Note: there are other ways to create DataFrames manually, for example from a 2D numpy array.

There is still the date in a regular column and a numerical index that is not that meaningful. We can specify the index of a DataFrame at creation. Let's try:


In [ ]:
mean_sea_level = pd.DataFrame({"northern_hem": northern_sea_level["msl_ib(mm)"], 
                               "southern_hem": southern_sea_level["msl_ib(mm)"]},
                               index = northern_sea_level.year)
mean_sea_level

Now the fact that it is failing show that Pandas does auto-alignment of values: for each value of the index, it searches for a value in each Series that maps the same value. Since these series have a dumb numerical index, no values are found.

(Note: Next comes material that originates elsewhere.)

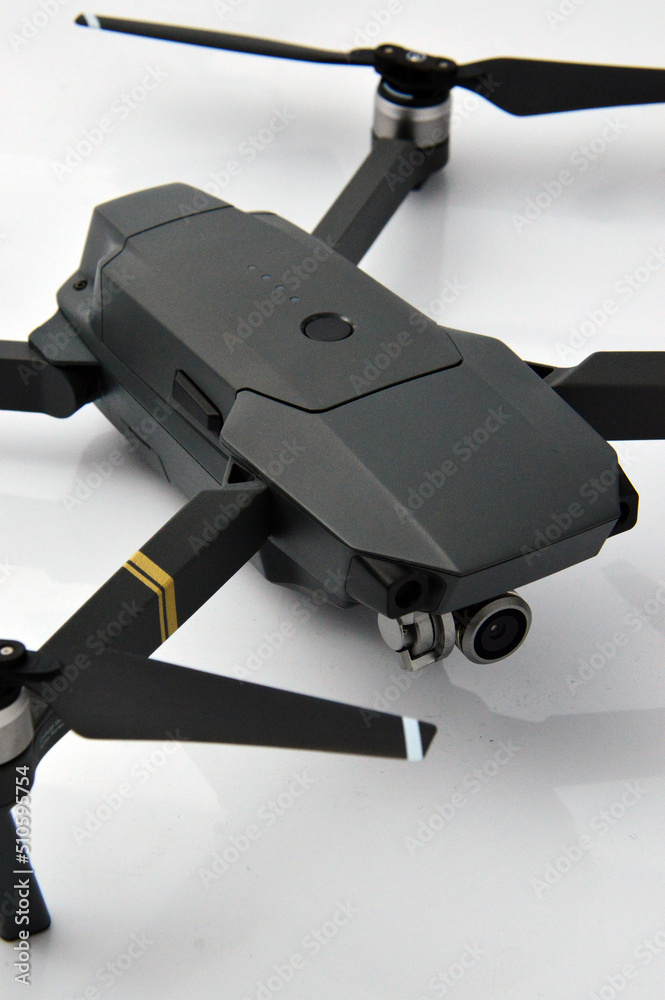 A gray camouflaged drone with a camera used for military espionage isolated.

Since we know that the order of the values match the index we chose, we can replace the Series by their values only at creation of the DataFrame:


In [ ]:
mean_sea_level = pd.DataFrame({"northern_hem": northern_sea_level["msl_ib(mm)"].values, 
                               "southern_hem": southern_sea_level["msl_ib(mm)"].values},
                               index = northern_sea_level.year)
mean_sea_level

3. Cleaning and formatting data

The datasets that we obtain straight from the reading functions are pretty raw. A lot of pre-processing can be done during data read but we haven't used all the power of the reading functions. Let's learn to do a lot of cleaning and formatting of the data.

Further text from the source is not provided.